Illus. 364.—Looking-glass,
1690.
Looking-glasses of large size were made in two sections, the lower piece with the edge bevelled and lapped over the plain upper piece. This was to avoid the tax upon glass beyond a certain size.
The fashion for japanning or lacquering which obtained vogue at the close of the seventeenth century was followed in looking-glass frames. A London newspaper of 1689 thus advertised: “Several sorts of Screwtores, Tables, Stands and Looking-glasses of Japan and other work.”
Illustration [363] shows a looking-glass in a japanned frame, owned by Dwight M. Prouty, Esq., of Boston. The wood of the frame is walnut, and it is covered with lacquer in gold and colors. The shape of the frame around the glass is followed by the bevel, and the lower piece of glass laps over the upper.
Illustration [364] shows the top section of a looking-glass with a lacquered frame. In this case the frame was made in sections, the lower section being lost. The curves in the frame are followed in the glass by the old shallow bevelling over an inch in width, and a star is cut in the middle of the glass. The frame is elaborately japanned with gold and bright colors, and is twenty-six inches in height, showing that the looking-glass, when whole, was of generous size. The design of the sawed edge is of a very early style. The glass is owned by the American Antiquarian Society, of Worcester.

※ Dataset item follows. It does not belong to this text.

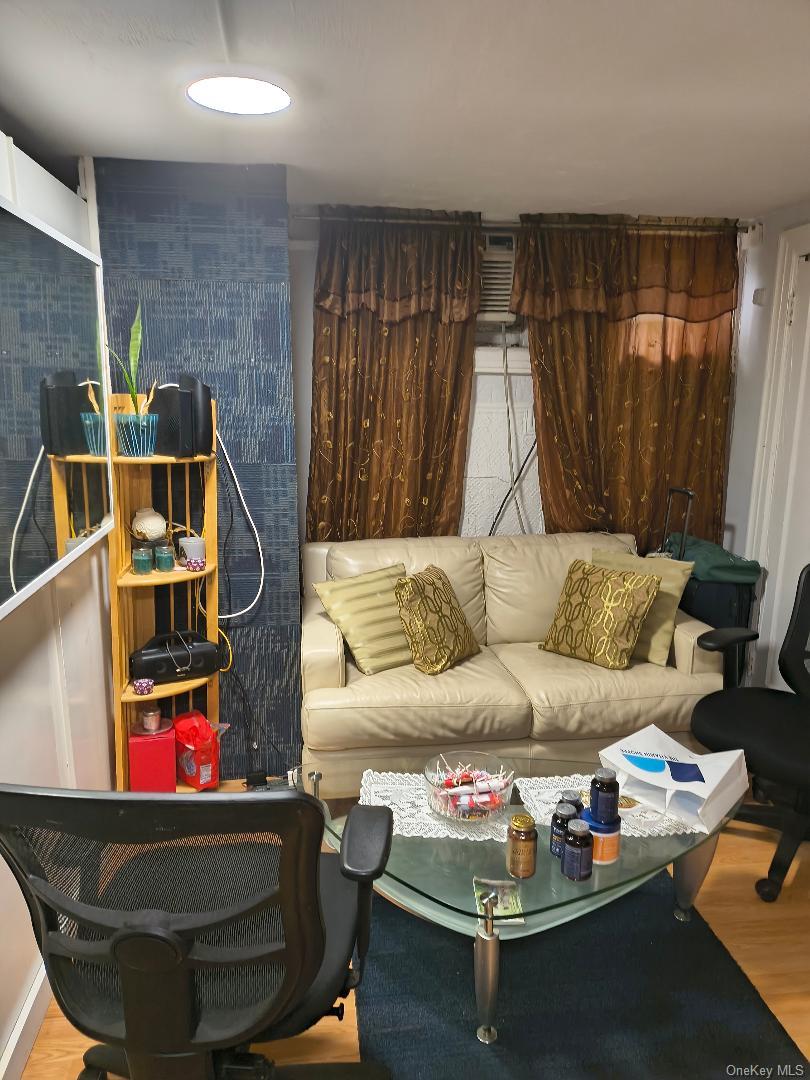 87-08 31st Avenue East Elmhurst East Elmhurst, NY 11369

The looking-glass at the head of this chapter is owned by E. R. Lemon, Esq., of the Wayside Inn. It is of walnut veneer, and the old bevelled glass is in two sections, the upper one cut in a design, and with the lower edge lapped over the other piece of glass. Another glass of the same period, the first quarter of the eighteenth century, owned by Mr. Lemon, heads Chapter XI. This frame has a top ornament of a piece of walnut sawed in curves which suggest those upon later frames.
Such a looking-glass as this was probably what Judge Sewall meant when he sent for “A True Looking Glass of Black Walnut Frame of the Newest Fashion (if the Fashion be good) as good as can be bought for five or six pounds.” This was for wedding furniture for the judge’s daughter Judith, married in 1720.